The Center for Health and Gender Equity (CHANGE) created the Sexual and Reproductive Health and Rights Index: Grading U.S. Global Health Assistance to critically assess the U.S. government’s work on sexual and reproductive health and rights (SRHR) and hold it accountable to its commitments on SRHR by grading it annually.
In 1994, at the International Conference on Population and Development (ICPD) in Cairo, approximately 180 countries — including the United States — produced a human rights framework for development assistance that promoted the universal SRHR of women and girls for the first time. After ICPD, U.S. government strategies, policies, and United Nations (UN) stances reflected “sexual and reproductive health and reproductive rights.” It was not until 2015 that the U.S. government recognized sexual rights, and adopted the full term “sexual and reproductive health and rights” in official documents, international statements, and UN negotiations. This positioned the U.S. government on a path to fully embrace a global SRHR agenda.
Through an annual review, the SRHR Index provides public access to information from across U.S. government agencies and health funding streams related to support for global SRHR, and grades commitments, leadership, and funding levels and actions across a comprehensive set of SRHR issues.

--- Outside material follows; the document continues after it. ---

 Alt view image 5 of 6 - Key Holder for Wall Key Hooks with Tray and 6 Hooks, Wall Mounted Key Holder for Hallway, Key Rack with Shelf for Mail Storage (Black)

This allows users of the SRHR Index to understand how the government is doing within a particular domain of SRHR, and across SRHR as a whole. This, in turn, allows advocates to use the grades to make targeted recommendations on how the government can better promote SRHR through its global health assistance and identify when positive or negative actions have been taken.
The SRHR Index uses standardized indicators to assess government policies, investments, and programs to grade how global health assistance is, or is not, promoting SRHR globally.
The SRHR Index measures the White House, U.S. Congress, U.S. Department of State, U.S. Agency for International Development (USAID), U.S. Department of Defense (DoD), and U.S. Department of Health and Human Services (HHS) across three domains that represent core funding streams of U.S. global health assistance: family planning (FP), maternal and child health (MCH), and HIV and AIDS. The SRHR Index considers policy and budget for each of these domains, as well as the availability and quality of information used to properly evaluate government actors in each domain.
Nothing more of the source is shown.